Extracted records:
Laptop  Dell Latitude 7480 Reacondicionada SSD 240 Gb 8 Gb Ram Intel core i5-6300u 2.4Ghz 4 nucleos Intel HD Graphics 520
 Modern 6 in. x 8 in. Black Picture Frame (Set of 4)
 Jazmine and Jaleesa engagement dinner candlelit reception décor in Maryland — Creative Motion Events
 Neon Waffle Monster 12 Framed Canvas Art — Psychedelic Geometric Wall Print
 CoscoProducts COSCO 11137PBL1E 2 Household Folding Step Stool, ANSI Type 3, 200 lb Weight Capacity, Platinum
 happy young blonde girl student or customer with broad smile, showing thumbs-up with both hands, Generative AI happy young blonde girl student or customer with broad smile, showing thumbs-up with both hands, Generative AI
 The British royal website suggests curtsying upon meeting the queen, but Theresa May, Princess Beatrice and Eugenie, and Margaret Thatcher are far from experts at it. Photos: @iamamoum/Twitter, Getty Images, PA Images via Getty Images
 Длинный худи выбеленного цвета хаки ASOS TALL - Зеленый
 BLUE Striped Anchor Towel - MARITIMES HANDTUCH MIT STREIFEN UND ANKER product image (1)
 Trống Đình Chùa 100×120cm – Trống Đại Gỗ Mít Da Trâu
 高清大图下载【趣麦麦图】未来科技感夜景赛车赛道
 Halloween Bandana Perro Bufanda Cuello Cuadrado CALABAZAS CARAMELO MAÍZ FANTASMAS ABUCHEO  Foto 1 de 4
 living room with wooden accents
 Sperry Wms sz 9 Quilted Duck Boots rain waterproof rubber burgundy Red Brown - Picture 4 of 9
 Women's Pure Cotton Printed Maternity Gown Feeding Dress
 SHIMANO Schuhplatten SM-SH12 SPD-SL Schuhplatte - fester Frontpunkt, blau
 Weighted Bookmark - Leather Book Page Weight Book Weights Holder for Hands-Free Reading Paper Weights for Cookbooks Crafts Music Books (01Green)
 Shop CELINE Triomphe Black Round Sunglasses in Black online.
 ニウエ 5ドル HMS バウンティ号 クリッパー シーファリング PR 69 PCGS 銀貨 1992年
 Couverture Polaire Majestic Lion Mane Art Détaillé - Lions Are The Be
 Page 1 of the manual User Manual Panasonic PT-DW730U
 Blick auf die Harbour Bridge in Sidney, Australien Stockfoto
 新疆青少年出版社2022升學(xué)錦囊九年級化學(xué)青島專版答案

**Exercise instructions:** Retype the records above so that nothing differs from the original.

**Written reply:**
Laptop  Dell Latitude 7480 Reacondicionada SSD 240 Gb 8 Gb Ram Intel core i5-6300u 2.4Ghz 4 nucleos Intel HD Graphics 520
 Modern 6 in. x 8 in. Black Picture Frame (Set of 4)
 Jazmine and Jaleesa engagement dinner candlelit reception décor in Maryland — Creative Motion Events
 Neon Waffle Monster 12 Framed Canvas Art — Psychedelic Geometric Wall Print
 CoscoProducts COSCO 11137PBL1E 2 Household Folding Step Stool, ANSI Type 3, 200 lb Weight Capacity, Platinum
 happy young blonde girl student or customer with broad smile, showing thumbs-up with both hands, Generative AI happy young blonde girl student or customer with broad smile, showing thumbs-up with both hands, Generative AI
 The British royal website suggests curtsying upon meeting the queen, but Theresa May, Princess Beatrice and Eugenie, and Margaret Thatcher are far from experts at it. Photos: @iamamoum/Twitter, Getty Images, PA Images via Getty Images
 Длинный худи выбеленного цвета хаки ASOS TALL - Зеленый
 BLUE Striped Anchor Towel - MARITIMES HANDTUCH MIT STREIFEN UND ANKER product image (1)
 Trống Đình Chùa 100×120cm – Trống Đại Gỗ Mít Da Trâu
 高清大图下载【趣麦麦图】未来科技感夜景赛车赛道
 Halloween Bandana Perro Bufanda Cuello Cuadrado CALABAZAS CARAMELO MAÍZ FANTASMAS ABUCHEO  Foto 1 de 4
 living room with wooden accents
 Sperry Wms sz 9 Quilted Duck Boots rain waterproof rubber burgundy Red Brown - Picture 4 of 9
 Women's Pure Cotton Printed Maternity Gown Feeding Dress
 SHIMANO Schuhplatten SM-SH12 SPD-SL Schuhplatte - fester Frontpunkt, blau
 Weighted Bookmark - Leather Book Page Weight Book Weights Holder for Hands-Free Reading Paper Weights for Cookbooks Crafts Music Books (01Green)
 Shop CELINE Triomphe Black Round Sunglasses in Black online.
 ニウエ 5ドル HMS バウンティ号 クリッパー シーファリング PR 69 PCGS 銀貨 1992年
 Couverture Polaire Majestic Lion Mane Art Détaillé - Lions Are The Be
 Page 1 of the manual User Manual Panasonic PT-DW730U
 Blick auf die Harbour Bridge in Sidney, Australien Stockfoto
 新疆青少年出版社2022升學(xué)錦囊九年級化學(xué)青島專版答案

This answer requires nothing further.